Task material:
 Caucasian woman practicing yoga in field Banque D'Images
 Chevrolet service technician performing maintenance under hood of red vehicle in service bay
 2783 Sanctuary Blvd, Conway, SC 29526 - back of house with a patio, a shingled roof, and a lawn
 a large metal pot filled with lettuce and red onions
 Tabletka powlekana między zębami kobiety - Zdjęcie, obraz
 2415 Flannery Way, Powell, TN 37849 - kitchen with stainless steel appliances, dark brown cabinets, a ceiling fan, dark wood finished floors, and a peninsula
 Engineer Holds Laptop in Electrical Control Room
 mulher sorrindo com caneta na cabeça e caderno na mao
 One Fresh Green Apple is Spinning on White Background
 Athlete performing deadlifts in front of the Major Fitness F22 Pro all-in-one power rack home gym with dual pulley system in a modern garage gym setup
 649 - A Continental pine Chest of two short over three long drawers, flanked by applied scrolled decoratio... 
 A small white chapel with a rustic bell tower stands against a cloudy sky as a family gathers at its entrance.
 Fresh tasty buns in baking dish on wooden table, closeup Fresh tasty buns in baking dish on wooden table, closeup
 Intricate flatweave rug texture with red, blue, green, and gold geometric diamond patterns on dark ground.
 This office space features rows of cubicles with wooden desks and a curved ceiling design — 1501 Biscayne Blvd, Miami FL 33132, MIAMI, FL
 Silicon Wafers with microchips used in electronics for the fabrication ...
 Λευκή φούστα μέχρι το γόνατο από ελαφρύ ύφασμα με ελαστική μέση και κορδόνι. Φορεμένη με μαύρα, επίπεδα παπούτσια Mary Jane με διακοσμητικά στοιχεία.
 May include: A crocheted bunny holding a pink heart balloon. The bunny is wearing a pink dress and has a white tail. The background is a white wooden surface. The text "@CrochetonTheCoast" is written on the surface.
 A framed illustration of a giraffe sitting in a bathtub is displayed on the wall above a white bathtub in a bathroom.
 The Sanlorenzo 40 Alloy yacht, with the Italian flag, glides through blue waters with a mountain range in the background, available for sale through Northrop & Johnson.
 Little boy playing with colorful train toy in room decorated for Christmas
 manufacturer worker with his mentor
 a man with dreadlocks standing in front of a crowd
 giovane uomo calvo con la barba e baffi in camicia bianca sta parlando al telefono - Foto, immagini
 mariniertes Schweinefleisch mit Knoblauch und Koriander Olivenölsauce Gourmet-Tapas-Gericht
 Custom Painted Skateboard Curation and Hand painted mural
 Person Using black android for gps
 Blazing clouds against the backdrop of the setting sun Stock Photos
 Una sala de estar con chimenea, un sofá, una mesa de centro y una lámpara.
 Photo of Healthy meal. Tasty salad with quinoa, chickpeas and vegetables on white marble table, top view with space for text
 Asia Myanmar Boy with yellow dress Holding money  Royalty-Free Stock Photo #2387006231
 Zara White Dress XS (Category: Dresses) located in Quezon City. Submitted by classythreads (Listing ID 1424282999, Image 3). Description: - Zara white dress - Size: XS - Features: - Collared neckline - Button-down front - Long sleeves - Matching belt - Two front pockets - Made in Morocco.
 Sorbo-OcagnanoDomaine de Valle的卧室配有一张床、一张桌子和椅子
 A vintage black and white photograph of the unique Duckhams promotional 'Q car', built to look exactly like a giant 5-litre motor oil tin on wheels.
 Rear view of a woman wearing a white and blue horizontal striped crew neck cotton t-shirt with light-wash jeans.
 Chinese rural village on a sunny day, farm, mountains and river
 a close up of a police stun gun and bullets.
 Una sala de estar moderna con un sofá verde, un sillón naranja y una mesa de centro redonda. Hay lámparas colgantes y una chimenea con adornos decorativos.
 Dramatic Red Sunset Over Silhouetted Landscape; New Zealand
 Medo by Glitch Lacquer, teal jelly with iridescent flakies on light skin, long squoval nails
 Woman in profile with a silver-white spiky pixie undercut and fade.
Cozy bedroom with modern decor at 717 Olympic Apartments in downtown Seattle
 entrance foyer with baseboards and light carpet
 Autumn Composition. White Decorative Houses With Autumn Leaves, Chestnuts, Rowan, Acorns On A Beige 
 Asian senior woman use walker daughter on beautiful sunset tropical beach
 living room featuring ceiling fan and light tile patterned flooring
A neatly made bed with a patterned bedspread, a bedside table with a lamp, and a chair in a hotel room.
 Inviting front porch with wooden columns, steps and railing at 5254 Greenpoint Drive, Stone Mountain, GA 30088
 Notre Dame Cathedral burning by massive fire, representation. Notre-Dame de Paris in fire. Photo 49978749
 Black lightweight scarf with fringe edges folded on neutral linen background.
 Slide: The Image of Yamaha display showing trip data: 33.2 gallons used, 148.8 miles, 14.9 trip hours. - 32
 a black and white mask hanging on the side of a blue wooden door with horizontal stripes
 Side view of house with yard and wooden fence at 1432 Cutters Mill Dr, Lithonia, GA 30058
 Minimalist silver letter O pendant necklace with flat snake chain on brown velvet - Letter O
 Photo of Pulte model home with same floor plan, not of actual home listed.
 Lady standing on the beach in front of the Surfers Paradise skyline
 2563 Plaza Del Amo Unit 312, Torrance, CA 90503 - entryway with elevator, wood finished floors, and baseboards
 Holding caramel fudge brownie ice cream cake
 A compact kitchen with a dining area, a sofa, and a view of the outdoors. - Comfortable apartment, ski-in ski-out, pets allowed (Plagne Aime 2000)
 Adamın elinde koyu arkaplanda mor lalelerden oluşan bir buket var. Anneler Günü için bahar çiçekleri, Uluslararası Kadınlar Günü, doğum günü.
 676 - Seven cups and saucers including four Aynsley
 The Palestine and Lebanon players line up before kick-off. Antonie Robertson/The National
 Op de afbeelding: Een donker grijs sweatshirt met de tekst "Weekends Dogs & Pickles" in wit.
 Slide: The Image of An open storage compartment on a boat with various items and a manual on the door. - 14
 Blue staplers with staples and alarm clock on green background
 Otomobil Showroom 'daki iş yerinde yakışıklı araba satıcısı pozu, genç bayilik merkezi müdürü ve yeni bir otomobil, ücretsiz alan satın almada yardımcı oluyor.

Exercise brief: Write out the entire listing above once more. Keep it exact.

Exercise answer:
 Caucasian woman practicing yoga in field Banque D'Images
 Chevrolet service technician performing maintenance under hood of red vehicle in service bay
 2783 Sanctuary Blvd, Conway, SC 29526 - back of house with a patio, a shingled roof, and a lawn
 a large metal pot filled with lettuce and red onions
 Tabletka powlekana między zębami kobiety - Zdjęcie, obraz
 2415 Flannery Way, Powell, TN 37849 - kitchen with stainless steel appliances, dark brown cabinets, a ceiling fan, dark wood finished floors, and a peninsula
 Engineer Holds Laptop in Electrical Control Room
 mulher sorrindo com caneta na cabeça e caderno na mao
 One Fresh Green Apple is Spinning on White Background
 Athlete performing deadlifts in front of the Major Fitness F22 Pro all-in-one power rack home gym with dual pulley system in a modern garage gym setup
 649 - A Continental pine Chest of two short over three long drawers, flanked by applied scrolled decoratio... 
 A small white chapel with a rustic bell tower stands against a cloudy sky as a family gathers at its entrance.
 Fresh tasty buns in baking dish on wooden table, closeup Fresh tasty buns in baking dish on wooden table, closeup
 Intricate flatweave rug texture with red, blue, green, and gold geometric diamond patterns on dark ground.
 This office space features rows of cubicles with wooden desks and a curved ceiling design — 1501 Biscayne Blvd, Miami FL 33132, MIAMI, FL
 Silicon Wafers with microchips used in electronics for the fabrication ...
 Λευκή φούστα μέχρι το γόνατο από ελαφρύ ύφασμα με ελαστική μέση και κορδόνι. Φορεμένη με μαύρα, επίπεδα παπούτσια Mary Jane με διακοσμητικά στοιχεία.
 May include: A crocheted bunny holding a pink heart balloon. The bunny is wearing a pink dress and has a white tail. The background is a white wooden surface. The text "@CrochetonTheCoast" is written on the surface.
 A framed illustration of a giraffe sitting in a bathtub is displayed on the wall above a white bathtub in a bathroom.
 The Sanlorenzo 40 Alloy yacht, with the Italian flag, glides through blue waters with a mountain range in the background, available for sale through Northrop & Johnson.
 Little boy playing with colorful train toy in room decorated for Christmas
 manufacturer worker with his mentor
 a man with dreadlocks standing in front of a crowd
 giovane uomo calvo con la barba e baffi in camicia bianca sta parlando al telefono - Foto, immagini
 mariniertes Schweinefleisch mit Knoblauch und Koriander Olivenölsauce Gourmet-Tapas-Gericht
 Custom Painted Skateboard Curation and Hand painted mural
 Person Using black android for gps
 Blazing clouds against the backdrop of the setting sun Stock Photos
 Una sala de estar con chimenea, un sofá, una mesa de centro y una lámpara.
 Photo of Healthy meal. Tasty salad with quinoa, chickpeas and vegetables on white marble table, top view with space for text
 Asia Myanmar Boy with yellow dress Holding money  Royalty-Free Stock Photo #2387006231
 Zara White Dress XS (Category: Dresses) located in Quezon City. Submitted by classythreads (Listing ID 1424282999, Image 3). Description: - Zara white dress - Size: XS - Features: - Collared neckline - Button-down front - Long sleeves - Matching belt - Two front pockets - Made in Morocco.
 Sorbo-OcagnanoDomaine de Valle的卧室配有一张床、一张桌子和椅子
 A vintage black and white photograph of the unique Duckhams promotional 'Q car', built to look exactly like a giant 5-litre motor oil tin on wheels.
 Rear view of a woman wearing a white and blue horizontal striped crew neck cotton t-shirt with light-wash jeans.
 Chinese rural village on a sunny day, farm, mountains and river
 a close up of a police stun gun and bullets.
 Una sala de estar moderna con un sofá verde, un sillón naranja y una mesa de centro redonda. Hay lámparas colgantes y una chimenea con adornos decorativos.
 Dramatic Red Sunset Over Silhouetted Landscape; New Zealand
 Medo by Glitch Lacquer, teal jelly with iridescent flakies on light skin, long squoval nails
 Woman in profile with a silver-white spiky pixie undercut and fade.
Cozy bedroom with modern decor at 717 Olympic Apartments in downtown Seattle
 entrance foyer with baseboards and light carpet
 Autumn Composition. White Decorative Houses With Autumn Leaves, Chestnuts, Rowan, Acorns On A Beige 
 Asian senior woman use walker daughter on beautiful sunset tropical beach
 living room featuring ceiling fan and light tile patterned flooring
A neatly made bed with a patterned bedspread, a bedside table with a lamp, and a chair in a hotel room.
 Inviting front porch with wooden columns, steps and railing at 5254 Greenpoint Drive, Stone Mountain, GA 30088
 Notre Dame Cathedral burning by massive fire, representation. Notre-Dame de Paris in fire. Photo 49978749
 Black lightweight scarf with fringe edges folded on neutral linen background.
 Slide: The Image of Yamaha display showing trip data: 33.2 gallons used, 148.8 miles, 14.9 trip hours. - 32
 a black and white mask hanging on the side of a blue wooden door with horizontal stripes
 Side view of house with yard and wooden fence at 1432 Cutters Mill Dr, Lithonia, GA 30058
 Minimalist silver letter O pendant necklace with flat snake chain on brown velvet - Letter O
 Photo of Pulte model home with same floor plan, not of actual home listed.
 Lady standing on the beach in front of the Surfers Paradise skyline
 2563 Plaza Del Amo Unit 312, Torrance, CA 90503 - entryway with elevator, wood finished floors, and baseboards
 Holding caramel fudge brownie ice cream cake
 A compact kitchen with a dining area, a sofa, and a view of the outdoors. - Comfortable apartment, ski-in ski-out, pets allowed (Plagne Aime 2000)
 Adamın elinde koyu arkaplanda mor lalelerden oluşan bir buket var. Anneler Günü için bahar çiçekleri, Uluslararası Kadınlar Günü, doğum günü.
 676 - Seven cups and saucers including four Aynsley
 The Palestine and Lebanon players line up before kick-off. Antonie Robertson/The National
 Op de afbeelding: Een donker grijs sweatshirt met de tekst "Weekends Dogs & Pickles" in wit.
 Slide: The Image of An open storage compartment on a boat with various items and a manual on the door. - 14
 Blue staplers with staples and alarm clock on green background
 Otomobil Showroom 'daki iş yerinde yakışıklı araba satıcısı pozu, genç bayilik merkezi müdürü ve yeni bir otomobil, ücretsiz alan satın almada yardımcı oluyor.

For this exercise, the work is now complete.